Auch Trolle haben Namen. Und IPs



Jahrhundertelang galt das Verschicken anonymer Briefe als widerlich und feige. Was früher die Ausnahme war, ist heute ganz alläglich geworden: Versteckt hinter anonymen Nicks wird in Foren und Blog-Kommentaren genervt, gehetzt, beleidigt, gedroht. Und das nicht nur von ausgewiesenen Nazis, sondern auch von Otto und Ottilie Normaluser.
Was darf man gegen sich anonym wähnenden Idioten tun, ist es zB erlaubt, ihre E-Mailadressen oder IPs zu veröffentlichen oder gilt das Recht auf Anonymität auch für diejenigen, die es ausnutzen, um andere zu attackieren? Ein Interview mit dem auf Internet-Recht spezialisierten Münchner Anwalt Thomas Stadler

Gibt es so etwas wie ein Recht auf Anonymität im Internet?

Grundsätzlich ja. Der Gesetzgeber hat in den datenschutzrechtlichen Bestimmungen des Telemediengesetzes (§ 13 Abs. 6 TMG) festgelegt, dass der Anbieter – also der Betreiber von Websites und Foren – dem Nutzer die Nutzung anonym oder unter Pseudonym zu ermöglichen hat, soweit das technisch möglich und zumutbar ist und er den Nutzer auch über diese Möglichkeit informieren muss.
Die Frage ist allerdings, ob dies uneingeschränkt auch für Postings und Kommentare gilt.

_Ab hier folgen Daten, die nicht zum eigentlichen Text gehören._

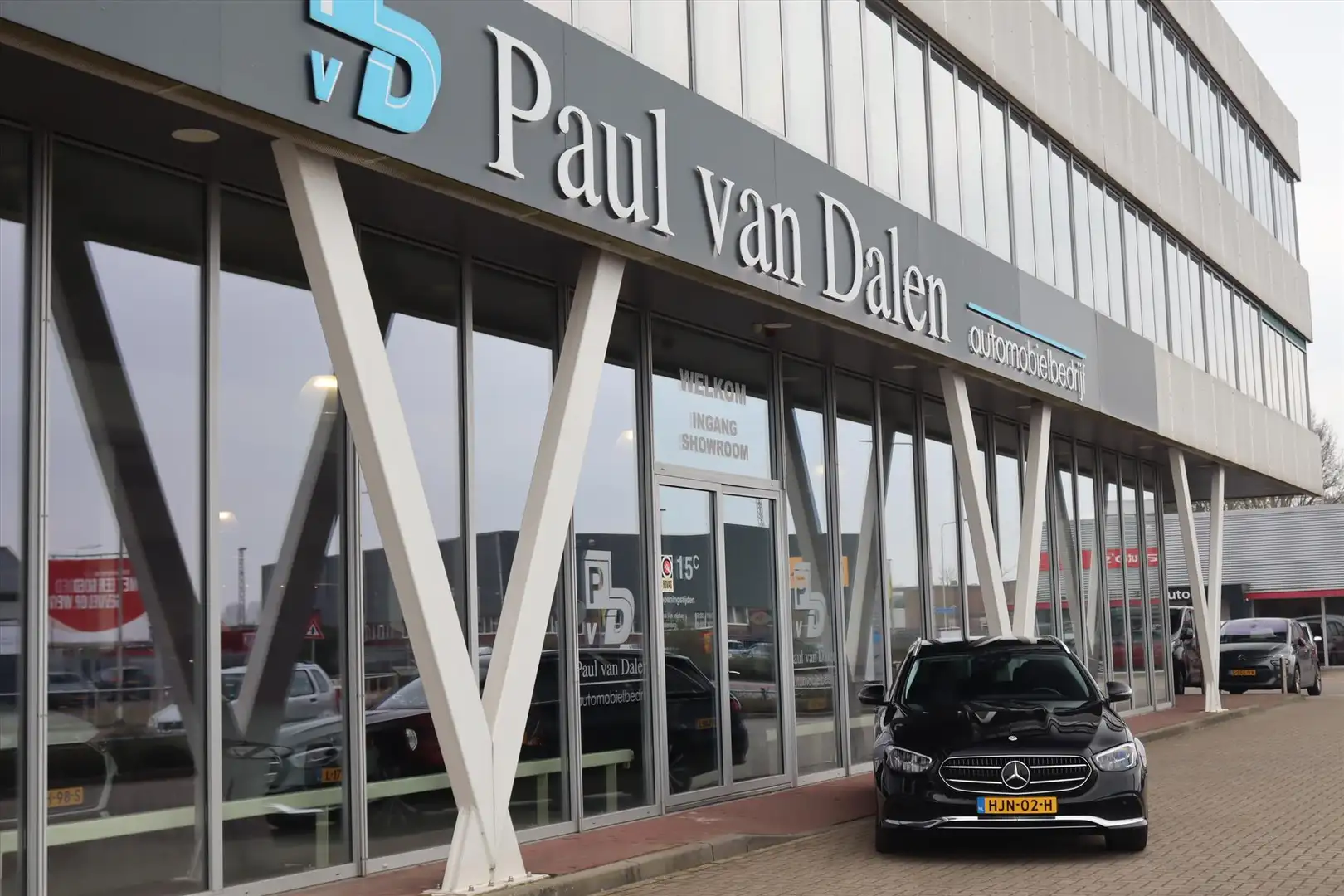 Mercedes-Benz E 300 Estate E300e 320PK AUTOMAAT LUXURY LINE | Trekhaak Zwart - 2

Nachdem den Plattformbetreiber ein durchaus erhebliches Risiko trifft, für rechtswidrige Textbeiträge von Usern in Haftung genommen zu werden, wird man hier durchaus die Ansicht vertreten können, dass ihm anonyme Postings nicht zuzumuten sind, sondern er zumindest eine Registrierung mit Namen und Anschrift verlangen kann, damit er später im Zweifel auf denjenigen zurückgreifen kann, der z.B. beleidigende Kommentare einstellt.

Wie weit geht die Meinungsfreiheit im Internet?

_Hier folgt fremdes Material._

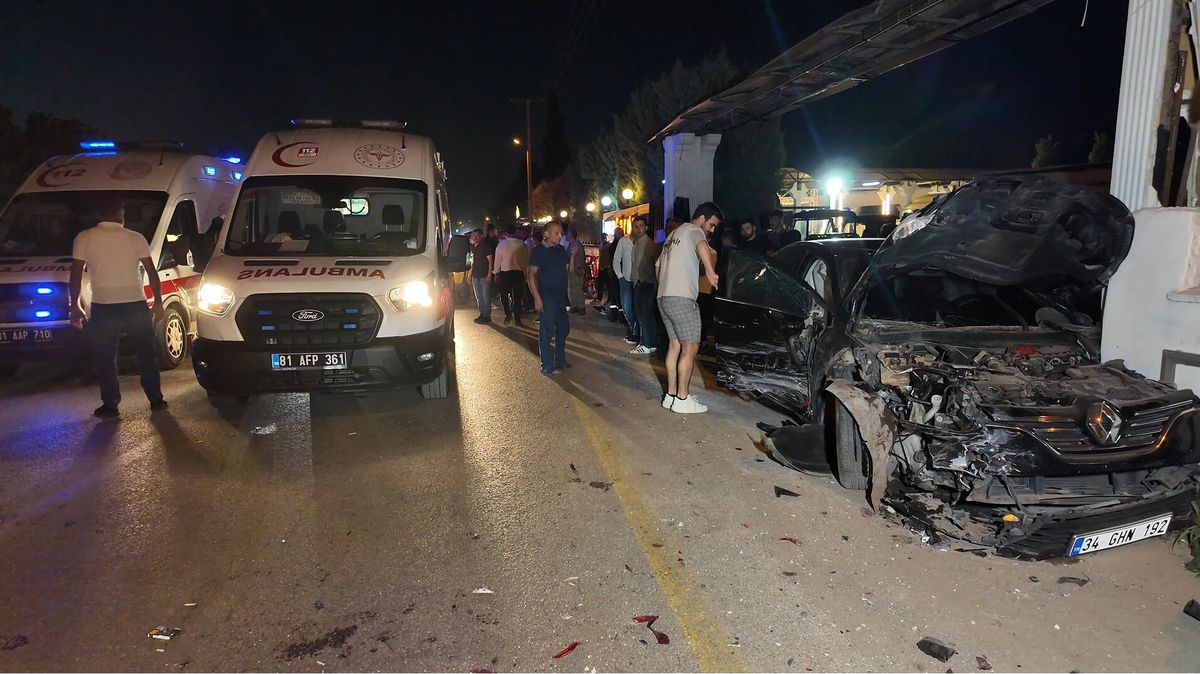Düğün Salonunda Kaza: 4 Yaralı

Eine sehr pauschale und weitgehende Frage. Die Meinungsfreiheit geht online ebenso weit wie offline. Sie findet Ihre Grenze immer dort, wo Rechte Anderer verletzt werden. Beleidigungen sind auch im Netz rechtlich nicht zulässig.

Was ist, im Schutze der Meinungsfreiheit, erlaubt, was ist verboten? Trolle machen sich zB einen ganz besonderen Spaß daraus, anderen Leuten auf die Nerven zu gehen. In der harmlosen Variante kommt es beispielsweise immer wieder vor, dass Fans bevorzugt Foren und Blogs des größten Rivalen besuchen, um die dort Anwesenden zu ärgern. Was darf ein solcherart heimgesuchter Betreiber tun, um sich zu wehren?

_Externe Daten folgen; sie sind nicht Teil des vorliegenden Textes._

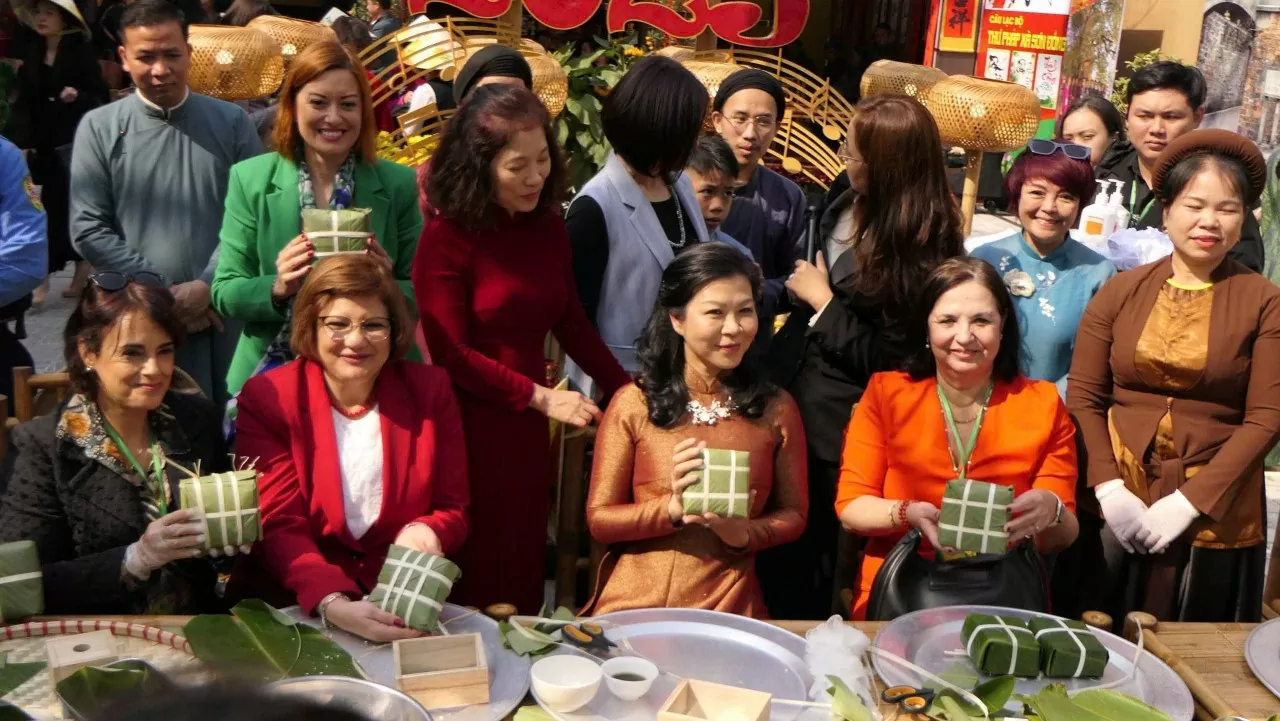 General Secretary’s Spouse, foreign female Ambassadors wrap ‘banh chung’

Es ist mittlerweile anerkannt, dass der Anbieter über ein sog. virtuelles Hausrecht verfügt und damit auch Nutzer ausschließen, ihnen also ein virtuelle Hausverbot erteilen kann, solange er das nicht willkürlich macht. Wie effektiv er dieses “Hausverbot” dann technisch umsetzen kann, ist allerdings eine andere Frage.

Manche Blogbetreiber haben sich dazu entschieden, nach verbalen Angriffen die IPs von sich anonym wähnenden Kommentatoren öffentlich zu machen. Ist das legal?

Das halte ich für problematisch. Die Datenschützer gehen davon aus, dass IP-Adressen personenbezogene Daten darstellen, was allerdings nicht ganz unumstritten ist. Und die Verarbeitung personenbezogener Daten ist grundsätzlich nur mit Einwilligung des Betroffenen zulässig. Man könnte hier allerdings auch argumentieren, dass diese Datenübermittlung zur Wahrung berechtigter Interessen des Blogs erforderlich ist und keine überwiegenden schutzwürdigen Interessen der Störer entgegenstehen. In diesem Fall erlaubt das Bundesdatenschutzgesetz eine Datenübermittlung.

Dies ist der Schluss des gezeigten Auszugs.